YOUR OBJECTIVE:
Reproduce each entry exactly as written.

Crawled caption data
____________

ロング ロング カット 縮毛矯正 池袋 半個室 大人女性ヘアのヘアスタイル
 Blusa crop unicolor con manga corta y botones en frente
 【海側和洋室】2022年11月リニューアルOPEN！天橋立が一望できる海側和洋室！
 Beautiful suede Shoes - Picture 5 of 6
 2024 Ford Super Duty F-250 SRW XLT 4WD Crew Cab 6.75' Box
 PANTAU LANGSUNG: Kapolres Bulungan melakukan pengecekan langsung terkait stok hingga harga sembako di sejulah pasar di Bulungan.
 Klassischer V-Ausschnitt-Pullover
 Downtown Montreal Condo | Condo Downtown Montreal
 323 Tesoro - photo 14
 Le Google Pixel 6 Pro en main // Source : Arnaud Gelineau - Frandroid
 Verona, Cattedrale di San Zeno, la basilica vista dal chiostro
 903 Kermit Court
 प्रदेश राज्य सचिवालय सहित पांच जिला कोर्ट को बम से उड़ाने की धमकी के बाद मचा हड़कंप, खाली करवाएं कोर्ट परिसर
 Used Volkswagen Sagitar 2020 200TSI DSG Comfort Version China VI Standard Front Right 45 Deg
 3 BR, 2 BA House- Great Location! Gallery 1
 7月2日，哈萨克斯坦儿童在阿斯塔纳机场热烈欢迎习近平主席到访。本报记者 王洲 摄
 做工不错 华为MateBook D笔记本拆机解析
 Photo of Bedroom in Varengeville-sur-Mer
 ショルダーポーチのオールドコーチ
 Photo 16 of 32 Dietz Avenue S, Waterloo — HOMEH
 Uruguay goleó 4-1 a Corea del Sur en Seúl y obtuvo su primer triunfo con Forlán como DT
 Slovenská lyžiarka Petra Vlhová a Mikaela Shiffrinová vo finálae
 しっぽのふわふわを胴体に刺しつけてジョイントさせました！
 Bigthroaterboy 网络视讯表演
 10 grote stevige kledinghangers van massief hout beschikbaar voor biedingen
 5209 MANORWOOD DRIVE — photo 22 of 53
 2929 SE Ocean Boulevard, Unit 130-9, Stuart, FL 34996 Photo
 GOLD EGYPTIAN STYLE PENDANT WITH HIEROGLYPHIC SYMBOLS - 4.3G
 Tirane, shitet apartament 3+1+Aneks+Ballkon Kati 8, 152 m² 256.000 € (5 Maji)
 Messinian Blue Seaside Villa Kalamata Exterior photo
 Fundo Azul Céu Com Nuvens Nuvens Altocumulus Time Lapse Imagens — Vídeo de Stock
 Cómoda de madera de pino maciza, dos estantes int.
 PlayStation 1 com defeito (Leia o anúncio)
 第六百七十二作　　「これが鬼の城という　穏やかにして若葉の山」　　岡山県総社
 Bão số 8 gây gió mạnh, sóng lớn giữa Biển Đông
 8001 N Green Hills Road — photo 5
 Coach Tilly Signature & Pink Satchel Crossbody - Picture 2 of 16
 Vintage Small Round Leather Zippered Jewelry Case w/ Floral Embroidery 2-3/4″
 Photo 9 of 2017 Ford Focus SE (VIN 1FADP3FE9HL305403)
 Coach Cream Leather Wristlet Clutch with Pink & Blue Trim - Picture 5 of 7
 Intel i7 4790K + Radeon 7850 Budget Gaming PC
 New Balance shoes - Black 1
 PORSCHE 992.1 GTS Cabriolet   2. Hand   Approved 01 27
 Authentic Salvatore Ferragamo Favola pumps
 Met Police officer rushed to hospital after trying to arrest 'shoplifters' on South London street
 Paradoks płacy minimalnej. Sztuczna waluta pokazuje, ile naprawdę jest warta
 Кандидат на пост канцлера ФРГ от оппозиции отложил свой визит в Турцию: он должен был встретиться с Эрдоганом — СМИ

____________

WRITTEN RESPONSE:
ロング ロング カット 縮毛矯正 池袋 半個室 大人女性ヘアのヘアスタイル
 Blusa crop unicolor con manga corta y botones en frente
 【海側和洋室】2022年11月リニューアルOPEN！天橋立が一望できる海側和洋室！
 Beautiful suede Shoes - Picture 5 of 6
 2024 Ford Super Duty F-250 SRW XLT 4WD Crew Cab 6.75' Box
 PANTAU LANGSUNG: Kapolres Bulungan melakukan pengecekan langsung terkait stok hingga harga sembako di sejulah pasar di Bulungan.
 Klassischer V-Ausschnitt-Pullover
 Downtown Montreal Condo | Condo Downtown Montreal
 323 Tesoro - photo 14
 Le Google Pixel 6 Pro en main // Source : Arnaud Gelineau - Frandroid
 Verona, Cattedrale di San Zeno, la basilica vista dal chiostro
 903 Kermit Court
 प्रदेश राज्य सचिवालय सहित पांच जिला कोर्ट को बम से उड़ाने की धमकी के बाद मचा हड़कंप, खाली करवाएं कोर्ट परिसर
 Used Volkswagen Sagitar 2020 200TSI DSG Comfort Version China VI Standard Front Right 45 Deg
 3 BR, 2 BA House- Great Location! Gallery 1
 7月2日，哈萨克斯坦儿童在阿斯塔纳机场热烈欢迎习近平主席到访。本报记者 王洲 摄
 做工不错 华为MateBook D笔记本拆机解析
 Photo of Bedroom in Varengeville-sur-Mer
 ショルダーポーチのオールドコーチ
 Photo 16 of 32 Dietz Avenue S, Waterloo — HOMEH
 Uruguay goleó 4-1 a Corea del Sur en Seúl y obtuvo su primer triunfo con Forlán como DT
 Slovenská lyžiarka Petra Vlhová a Mikaela Shiffrinová vo finálae
 しっぽのふわふわを胴体に刺しつけてジョイントさせました！
 Bigthroaterboy 网络视讯表演
 10 grote stevige kledinghangers van massief hout beschikbaar voor biedingen
 5209 MANORWOOD DRIVE — photo 22 of 53
 2929 SE Ocean Boulevard, Unit 130-9, Stuart, FL 34996 Photo
 GOLD EGYPTIAN STYLE PENDANT WITH HIEROGLYPHIC SYMBOLS - 4.3G
 Tirane, shitet apartament 3+1+Aneks+Ballkon Kati 8, 152 m² 256.000 € (5 Maji)
 Messinian Blue Seaside Villa Kalamata Exterior photo
 Fundo Azul Céu Com Nuvens Nuvens Altocumulus Time Lapse Imagens — Vídeo de Stock
 Cómoda de madera de pino maciza, dos estantes int.
 PlayStation 1 com defeito (Leia o anúncio)
 第六百七十二作　　「これが鬼の城という　穏やかにして若葉の山」　　岡山県総社
 Bão số 8 gây gió mạnh, sóng lớn giữa Biển Đông
 8001 N Green Hills Road — photo 5
 Coach Tilly Signature & Pink Satchel Crossbody - Picture 2 of 16
 Vintage Small Round Leather Zippered Jewelry Case w/ Floral Embroidery 2-3/4″
 Photo 9 of 2017 Ford Focus SE (VIN 1FADP3FE9HL305403)
 Coach Cream Leather Wristlet Clutch with Pink & Blue Trim - Picture 5 of 7
 Intel i7 4790K + Radeon 7850 Budget Gaming PC
 New Balance shoes - Black 1
 PORSCHE 992.1 GTS Cabriolet   2. Hand   Approved 01 27
 Authentic Salvatore Ferragamo Favola pumps
 Met Police officer rushed to hospital after trying to arrest 'shoplifters' on South London street
 Paradoks płacy minimalnej. Sztuczna waluta pokazuje, ile naprawdę jest warta
 Кандидат на пост канцлера ФРГ от оппозиции отложил свой визит в Турцию: он должен был встретиться с Эрдоганом — СМИ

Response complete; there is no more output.